An important element in the reduction of CO₂ is the change of vehicles with internal combustion engines to electric battery powered vehicles. The as such produced renewable energy can be used for individual mobility as well as for a temporary intermediate storage of excess energy. A viable electric mobility concept requires however stable cycle batteries with high specific energy (minimising weight, maximising driving range).

Li ion batteries are widely used in applications such as mobile phones and laptops, and will likely be key to future electromobility. An alternative promising battery is the lithium sulfur battery with a potential twofold energy density increase. The requirements for such batteries present major challenges; e.g. energy capacity, deactivation/stability and safety. A detailed understanding of the charge, discharge and deactivation mechanisms are thus required, preferably quantitative and spatially resolved. X-ray absorption spectroscopy (XAS) is a characterisation technique which provides detailed electronic and structural information on the material under investigation, in a time- and spatially resolved manner.

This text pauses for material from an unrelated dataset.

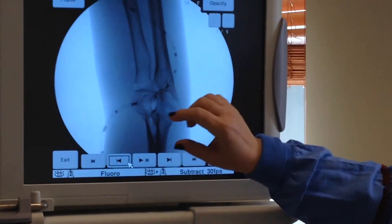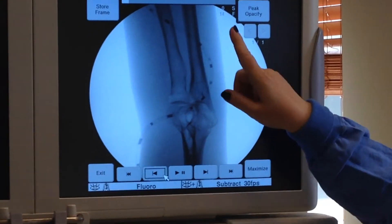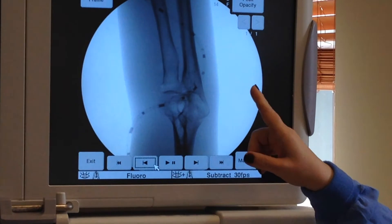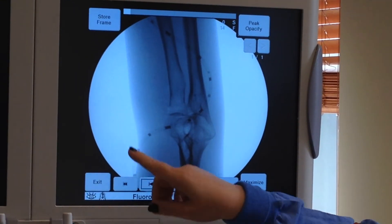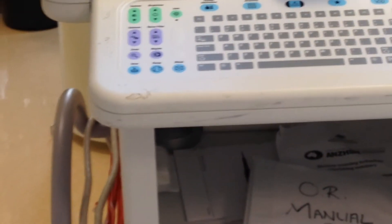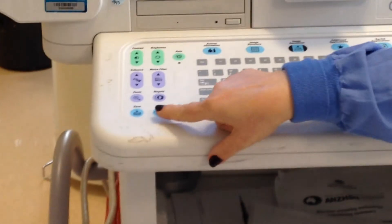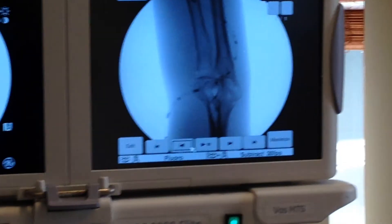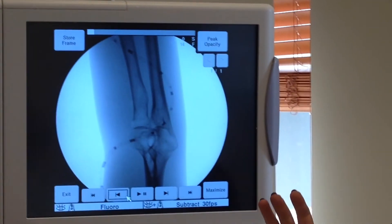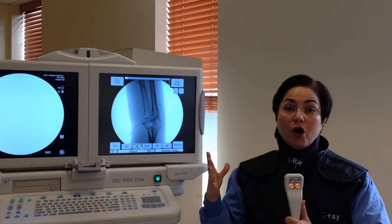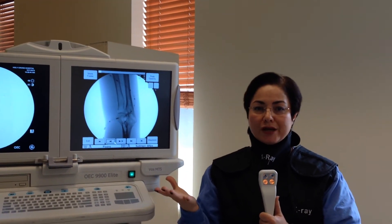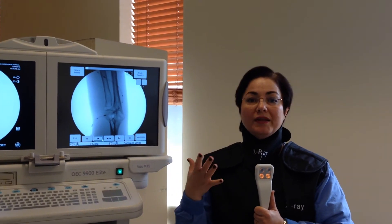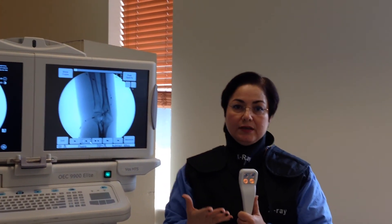After you get to the point where the doctor can see the frame he wants, you are going to save it using the save button. Because you don't need to save and send all the frames of subtraction or road mapping — just save the one the doctor wanted to see.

Here, I will explain the strengths and limitations of XAS for battery research. A novel operando XAS cell design will be described [1], including the challenges to perform reliable experiments (electrochemically and spectroscopically). The cell allows time and spatial resolved XAS, providing insights in the type, location and reversibility of the intermediates formed in and on electrodes and electrolyte separately. Obtained insights in cycling and deactiviation mechanisms for the different battery types will be discussed [1-6] and future research directions, incl. interface strategies, described.

^[1] Y. Gorlin, A. Siebel, M. Piana, T. Huthwelker, H. Jha, G. Monsch, F. Kraus, H.A. Gasteiger, M. Tromp, J. Electrochem. Soc. 162(7): A1146-A1155, 2015.
^[2] Y. Gorlin, M. U. M. Patel, A. Freiberg, Q. He, M. Piana, M. Tromp, H. A. Gasteiger, J. Electrochem. Soc. 2016, 163(6), A930-A939.
^[3] J. Wandt, A. Freiberg, R. Thomas, Y. Gorlin, A. Siebel, R. Jung, H. A. Gasteiger, M. Tromp, J. Mater. Chem. A 2016, 4, 18300-18305.
^[4] A. T. S. Freiberg, A. Siebel, A. Berger, S. M. Webb, Y. Gorlin, H. A. Gasteiger, M. Tromp, J. Phys. Chem. C 2018, 122, 10, 5303-5316.
^[5] A. Berger, A. T. S. Freiberg, R. J. Thomas, M. U. M. Patel, M. Tromp, H. Gasteiger, Y. Gorlin, J. Electrochem. Soc. 2018, 165(7), A1288-A1296.
^[6] R. Jung, F. Linsenmann, R. J. Thomas, J. Wandt, S. Solchenbach, F. Maglia, C. Stinner, H. A. Gasteiger, M. Tromp, J. Electrochem. Soc. 2019, 166(2): A378-A389.